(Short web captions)
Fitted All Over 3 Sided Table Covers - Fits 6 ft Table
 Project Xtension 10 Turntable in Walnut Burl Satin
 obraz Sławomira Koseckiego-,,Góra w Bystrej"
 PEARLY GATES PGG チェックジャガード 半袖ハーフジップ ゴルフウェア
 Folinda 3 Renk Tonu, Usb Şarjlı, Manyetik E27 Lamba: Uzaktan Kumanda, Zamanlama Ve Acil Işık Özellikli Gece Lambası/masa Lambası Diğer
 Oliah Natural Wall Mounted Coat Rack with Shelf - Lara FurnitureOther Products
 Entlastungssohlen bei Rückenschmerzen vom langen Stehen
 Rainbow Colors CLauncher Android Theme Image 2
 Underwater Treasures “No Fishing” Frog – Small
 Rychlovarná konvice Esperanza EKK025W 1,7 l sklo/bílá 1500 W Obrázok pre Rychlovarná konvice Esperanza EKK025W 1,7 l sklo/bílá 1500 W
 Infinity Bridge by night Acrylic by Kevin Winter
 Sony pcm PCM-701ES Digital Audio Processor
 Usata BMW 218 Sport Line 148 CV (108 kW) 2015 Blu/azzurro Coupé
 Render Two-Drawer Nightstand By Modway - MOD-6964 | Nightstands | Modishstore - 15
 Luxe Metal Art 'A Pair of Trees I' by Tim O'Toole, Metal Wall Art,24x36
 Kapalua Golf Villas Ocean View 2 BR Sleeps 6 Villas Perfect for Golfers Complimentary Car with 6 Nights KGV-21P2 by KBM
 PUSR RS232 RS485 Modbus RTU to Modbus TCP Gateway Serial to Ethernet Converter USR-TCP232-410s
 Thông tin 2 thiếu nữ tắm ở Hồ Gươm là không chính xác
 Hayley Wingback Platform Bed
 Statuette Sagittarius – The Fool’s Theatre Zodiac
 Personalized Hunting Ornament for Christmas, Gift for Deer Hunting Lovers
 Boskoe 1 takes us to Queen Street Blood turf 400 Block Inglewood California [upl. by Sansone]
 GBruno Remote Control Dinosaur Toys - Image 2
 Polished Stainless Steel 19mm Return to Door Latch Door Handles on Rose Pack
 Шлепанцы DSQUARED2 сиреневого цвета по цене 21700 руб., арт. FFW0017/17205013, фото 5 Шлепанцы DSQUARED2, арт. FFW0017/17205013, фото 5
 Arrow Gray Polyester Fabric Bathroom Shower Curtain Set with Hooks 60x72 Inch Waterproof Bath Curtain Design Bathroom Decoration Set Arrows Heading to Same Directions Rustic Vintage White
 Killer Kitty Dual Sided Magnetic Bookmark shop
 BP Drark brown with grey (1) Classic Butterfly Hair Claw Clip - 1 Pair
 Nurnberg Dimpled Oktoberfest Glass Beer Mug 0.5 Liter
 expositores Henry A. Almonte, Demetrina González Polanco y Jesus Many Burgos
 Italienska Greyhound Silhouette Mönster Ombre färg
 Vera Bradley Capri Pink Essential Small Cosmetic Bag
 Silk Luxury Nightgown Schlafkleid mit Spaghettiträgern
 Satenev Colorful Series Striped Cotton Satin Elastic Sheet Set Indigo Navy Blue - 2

• _What the task asks_:
The lines from the first of the entries through the line holding "Killer Kitty Dual" are to be restated word for word, and no others.

• _Result of the task_:
Fitted All Over 3 Sided Table Covers - Fits 6 ft Table
 Project Xtension 10 Turntable in Walnut Burl Satin
 obraz Sławomira Koseckiego-,,Góra w Bystrej"
 PEARLY GATES PGG チェックジャガード 半袖ハーフジップ ゴルフウェア
 Folinda 3 Renk Tonu, Usb Şarjlı, Manyetik E27 Lamba: Uzaktan Kumanda, Zamanlama Ve Acil Işık Özellikli Gece Lambası/masa Lambası Diğer
 Oliah Natural Wall Mounted Coat Rack with Shelf - Lara FurnitureOther Products
 Entlastungssohlen bei Rückenschmerzen vom langen Stehen
 Rainbow Colors CLauncher Android Theme Image 2
 Underwater Treasures “No Fishing” Frog – Small
 Rychlovarná konvice Esperanza EKK025W 1,7 l sklo/bílá 1500 W Obrázok pre Rychlovarná konvice Esperanza EKK025W 1,7 l sklo/bílá 1500 W
 Infinity Bridge by night Acrylic by Kevin Winter
 Sony pcm PCM-701ES Digital Audio Processor
 Usata BMW 218 Sport Line 148 CV (108 kW) 2015 Blu/azzurro Coupé
 Render Two-Drawer Nightstand By Modway - MOD-6964 | Nightstands | Modishstore - 15
 Luxe Metal Art 'A Pair of Trees I' by Tim O'Toole, Metal Wall Art,24x36
 Kapalua Golf Villas Ocean View 2 BR Sleeps 6 Villas Perfect for Golfers Complimentary Car with 6 Nights KGV-21P2 by KBM
 PUSR RS232 RS485 Modbus RTU to Modbus TCP Gateway Serial to Ethernet Converter USR-TCP232-410s
 Thông tin 2 thiếu nữ tắm ở Hồ Gươm là không chính xác
 Hayley Wingback Platform Bed
 Statuette Sagittarius – The Fool’s Theatre Zodiac
 Personalized Hunting Ornament for Christmas, Gift for Deer Hunting Lovers
 Boskoe 1 takes us to Queen Street Blood turf 400 Block Inglewood California [upl. by Sansone]
 GBruno Remote Control Dinosaur Toys - Image 2
 Polished Stainless Steel 19mm Return to Door Latch Door Handles on Rose Pack
 Шлепанцы DSQUARED2 сиреневого цвета по цене 21700 руб., арт. FFW0017/17205013, фото 5 Шлепанцы DSQUARED2, арт. FFW0017/17205013, фото 5
 Arrow Gray Polyester Fabric Bathroom Shower Curtain Set with Hooks 60x72 Inch Waterproof Bath Curtain Design Bathroom Decoration Set Arrows Heading to Same Directions Rustic Vintage White
 Killer Kitty Dual Sided Magnetic Bookmark shop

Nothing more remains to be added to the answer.